Last summer, the Chinese Communist Party passed The National Security Law. The piece of legislation permits mainland Chinese police to operate within Hong Kong. British Prime Minister Boris Johnson has labelled the controversial new law as a “serious breach of the Sino-British Joint Declaration”. The Declaration, signed in 1984 by Chinese Premier Zhao Ziyang and U.K. Prime Minister Margaret Thatcher, transferred Hong Kong’s sovereignty from Britain to China, establishing “one country, two systems”. Hong Kong became part of China but maintained its own economic and administrative systems.
Hong Kongers greeted the new law with outrage, with tens of thousands of protesting on the city’s streets. The Vice-Chairman of China’s Standing Committee of the National People’s Congress Wang Chen has stated that China has introduced the law to tackle the “increasingly notable security risks” in the special administrative region, but British Foreign Secretary Dominic Rabb has argued that China is “curtailing” the freedoms of Hong Kong citizens.
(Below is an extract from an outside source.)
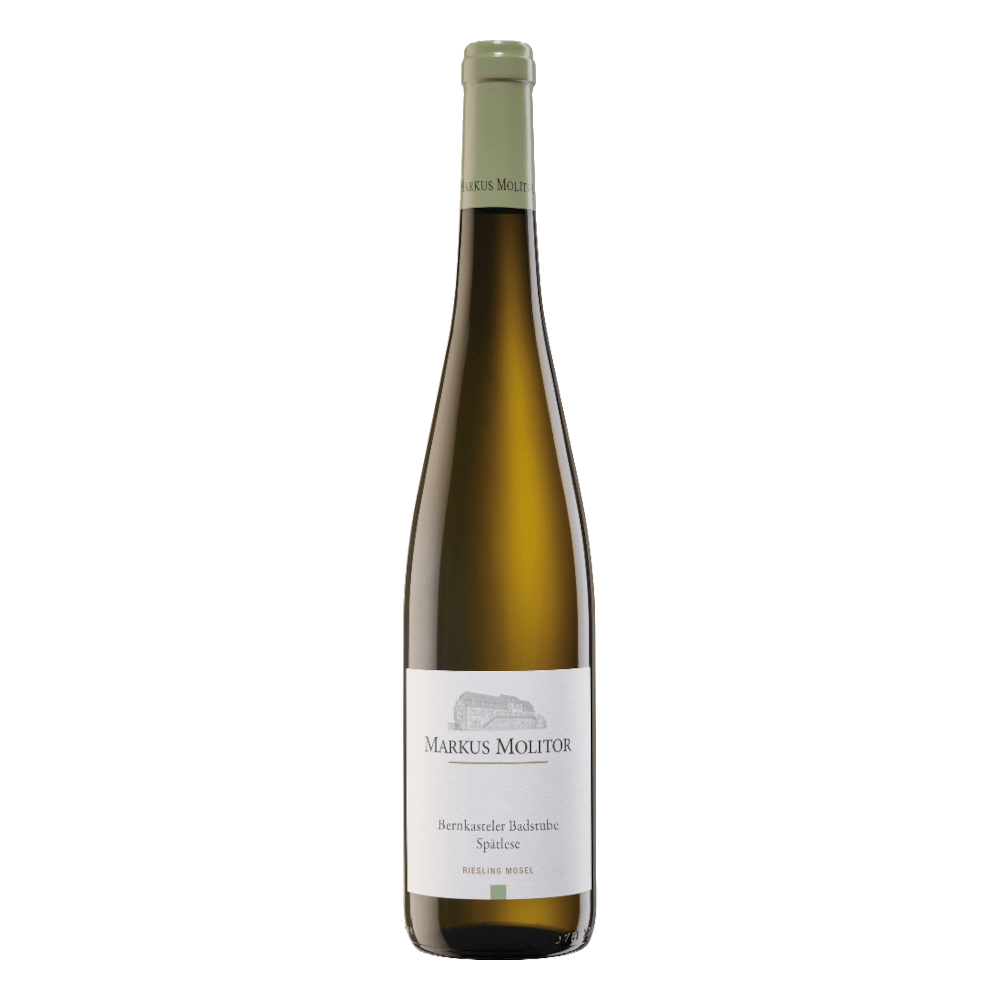 Riesling Bernkasteler Badstube Spätlese feinherb 2021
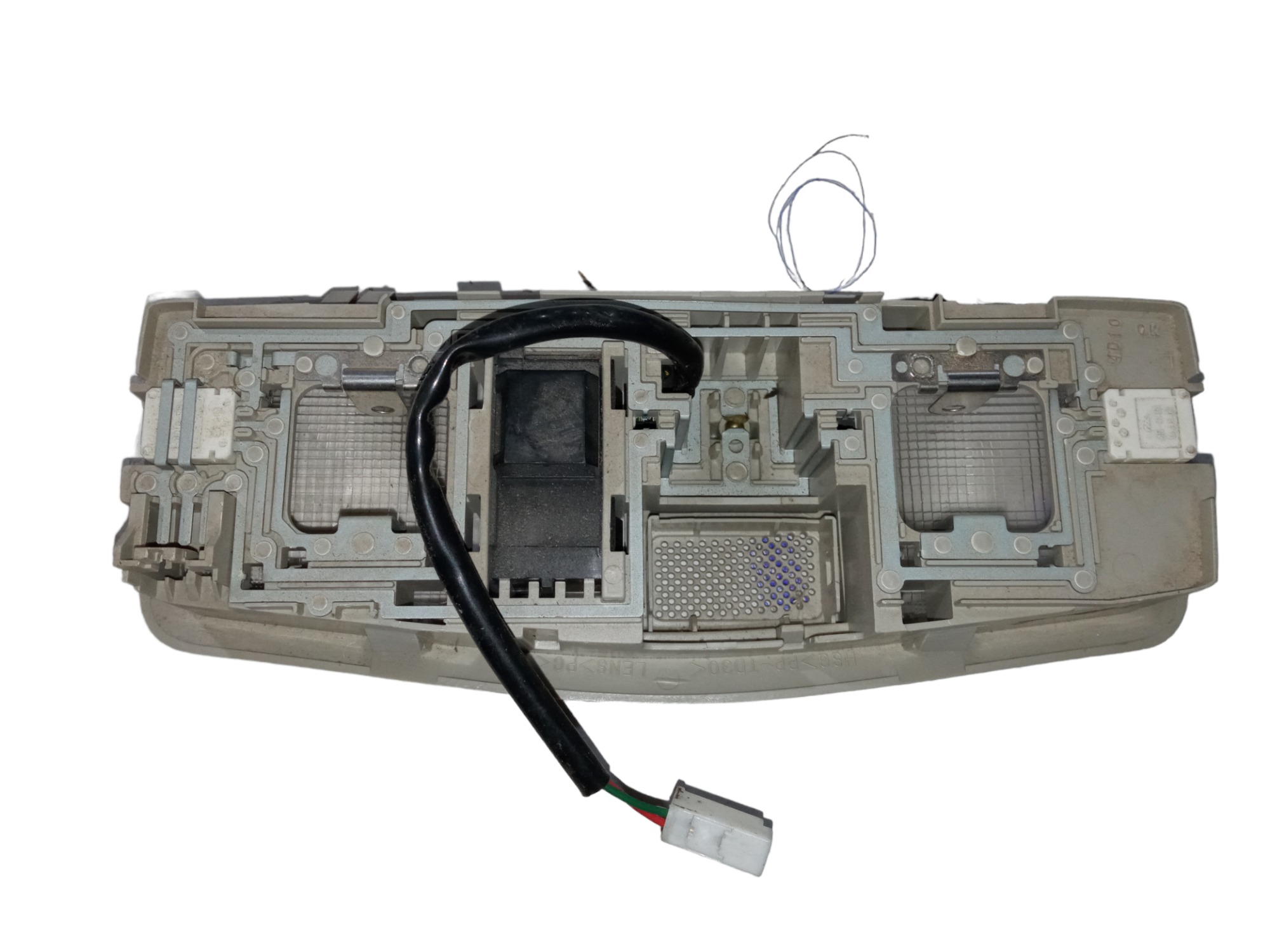 Luz De Cortesia Outlander 2015 2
In recent years, Hong Kong has been the scene of mass protests, which worries neighbouring Mainland China, where citizens do not have the right to protest against the Government. The city has a strong pro-democracy movement, which aims to loosen Beijing’s grip on Hong Kong’s leadership and maintain the freedoms eroded by Chinese interference – namely the rule of law, freedom of speech, and democratic elections. The unrest in 2019 amounted to “one of the largest mass protests in history”, and campaigners were even nominated for the Nobel peace prize in February by US lawmakers.
The British Government recently responded to the new law by introducing a visa pathway scheme, which offers some Hong Kong residents the right to live in the U.K. and a pathway to British citizenship that is not otherwise as easily available. Those eligible include those who hold a British National Overseas (BNO) Passport and their dependents. Up to three million Hong Kongers have received an offer to join the scheme – 70% of its population – and experts expect that around 300,000 will take it up over the next three years.
Over the past few weeks, the Chinese government has attempted to halt the use of the BNO, instructing 14 governments to stop accepting the passport as a valid form of identification. What has followed has been a series of rebuttals by China, which has argued that the west has fabricated claims of western claims of autocratic Chinese interference in Hong Kong. A spokesperson for China’s foreign ministry has said that the U.K. has “no supervisory power or so-called moral responsibility for Hong Kong after Hong Kong’s return to its motherland and has no qualification or legal basis to interfere in Hong Kong’s affairs”.
Only time will tell whether the pro-democracy movement in Hong Kong, alongside possible Western sanctions against China, will have an impact on the ground, but for now, what remains is a diplomatic war of words between China and the U.K., with Hong Kong bearing the brunt of the damage.